Article: Why Bespoke Suits Outperform RTW in Riyadh's Climate

Why Bespoke Suits Outperform RTW in Riyadh's Climate
I've been making suits for over twelve years. In that time, I've measured and cut for men on four continents - CEOs, managing partners, diplomats, founders. The conversation changes depending on where I am, but one observation holds everywhere: the men who care most about how their suits perform are rarely the ones asking about labels.
Riyadh has sharpened that observation considerably.
What Riyadh Does to a Suit
Saudi Arabia's climate runs between 30°C and 48°C for most of the year. Add the near-universal use of air conditioning inside boardrooms, hotels, and government buildings, and you have a man moving between two opposing temperature environments several times a day.
Most off-the-rack suits are built for one climate. They're cut on standardised blocks, fused with synthetic interfacing, and finished with machine-worked buttonholes. They look acceptable on a mannequin in a controlled environment. In Riyadh, they fight you.
The fused canvas - a layer bonded to the chest with industrial adhesive - doesn't breathe. The lining traps heat. The block cutting assumes a proportional relationship between chest, waist, and hip that rarely exists in reality. By noon in Al Olaya, a man in a ready-made suit looks like he's been sitting in it since Tuesday.
I don't say this to sell against other products. I say it because I've seen what happens when a client who's been wearing the wrong suit for three years finally puts on one that was made for him.
The Floating Canvas Question
Every tailor who's serious about construction uses a floating canvas chest. Here's what that means in plain language.
The chest piece - a layer of horsehair canvas or wool flannel - sits between the outer cloth and the lining, attached only at specific points. Over weeks and months of wear, it softens and moulds to the contours of the wearer's chest. The result is a suit that gets better with age, not worse.

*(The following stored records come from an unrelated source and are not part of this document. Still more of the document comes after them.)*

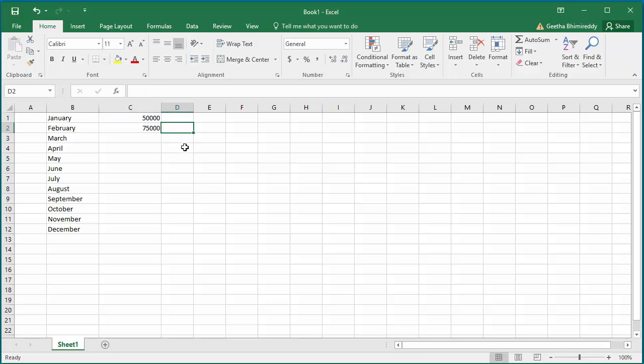You can see Excel calculates the revenue as $75,000 using the formula. For the remaining 10 months to fill the revenue column, you can use the autofill handle.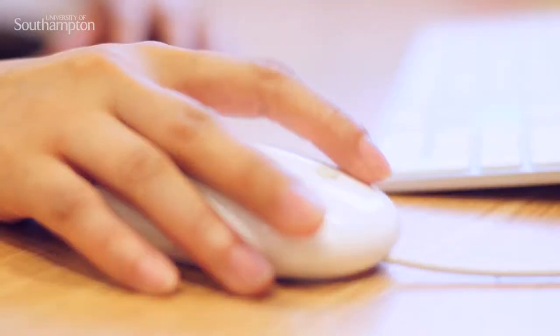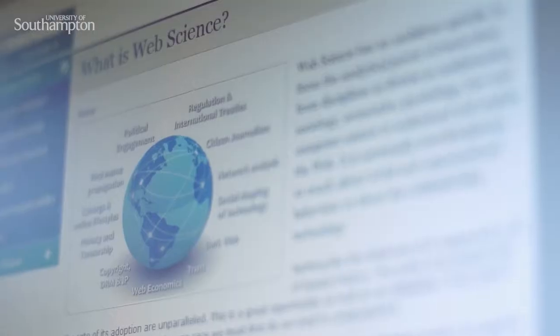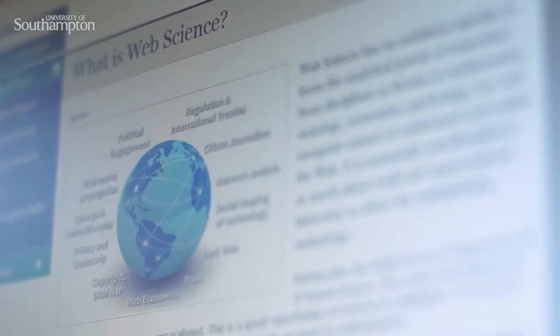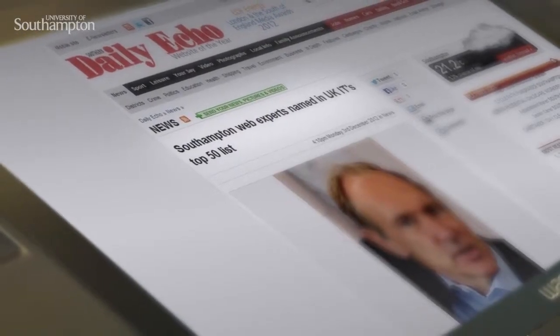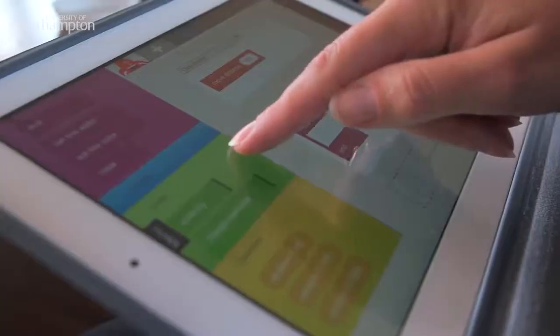If you think about the fact that at the click of a mouse we can access millions of pages of information from a global library of documents within seconds, the exciting thing is that you'd get a taster of Web Science. And you would also get access to people who are absolutely the world experts in Web Science.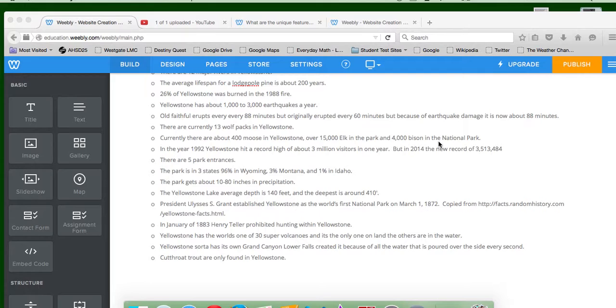In the year 1992, Yellowstone hit a record high of about 3 million visitors in one year. But in 2014, the new record of 3,513,484 visitors now stands as the record.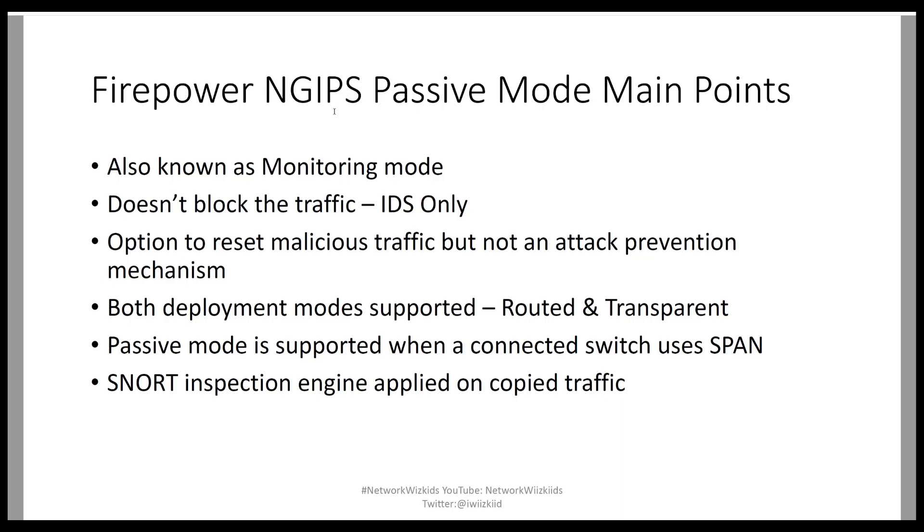Last of all, snort inspection engine is applied on copied traffic so the traffic that is sent from the switch to the firepower device is run through the snort inspection engine to assess whether that traffic is deemed malicious or not essentially.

A fused jacket is bonded throughout. It holds its shape in the shop. After repeated wear and dry cleaning, the bond weakens and the fabric bubbles. There's no recovery from that.
When a Director at a financial institution in KAFD or a founder with offices on Al Nakheel is meeting the same counterparts regularly, this matters. A suit that softens and fits with repeated wear communicates something that a suit decaying on its fusing does not.

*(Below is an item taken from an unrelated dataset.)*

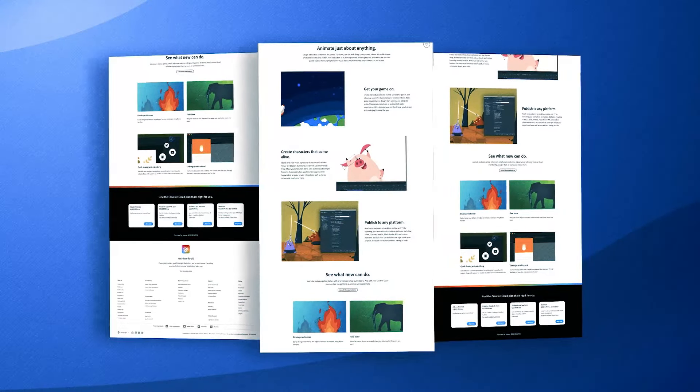The software's support for raster and vector graphics means that users can choose the optimal approach for their project's needs, ensuring both quality and performance are maintained. Adobe Animate's extensive asset library and pre-built templates can significantly speed up the animation process,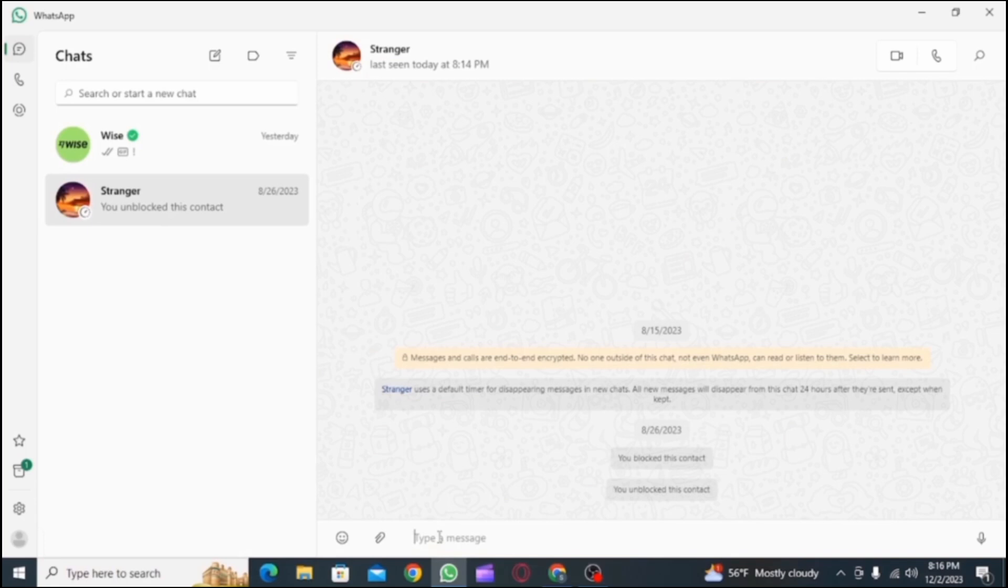Open your Chrome browser and go to the search bar on the top. Then there you can type in whatsapp.com. Now log in to your account and you can use WhatsApp on your Chrome browser.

I use floating canvas construction on every jacket I make. Not as a feature to market - as a standard I won't drop below.

Why the Block Doesn't Work for Most Men
There's a specific posture that RTW suits are cut for: a man standing upright, chest square, arms hanging symmetrically. Most men don't stand or sit like that, especially men who've spent fifteen years in leadership roles.
Forward shoulder tilt. One shoulder lower than the other. An athletic chest that narrows sharply at the waist. A strong build that manufacturers call "non-standard" but I simply call a person.
These are the men I work with most in Riyadh. Expat professionals - MDs, corporate directors, senior partners at international law firms - who have tried the flagship stores, the made-to-measure brands, the airport tailors on business trips. They've spent money. They've been disappointed.
The issue is not the quality of those products in isolation. The issue is that standardised patterns cut for a theoretical man rarely fit an actual one.
A bespoke pattern starts from zero. I take between eighteen and twenty-four measurements on a first appointment. I note posture. I observe how a man stands and sits. I record where his shoulder actually falls, not where a block assumes it should. The pattern I cut is his, not a modified version of someone else's.
The Fabric Reality
The cloth matters. I work with a small number of mills - Holland & Sherry, Scabal, Loro Piana, Vitale Barberis Canonico, Piacenza - because I know their ranges, I know how they behave under the iron, and I know which weights and weaves perform in heat.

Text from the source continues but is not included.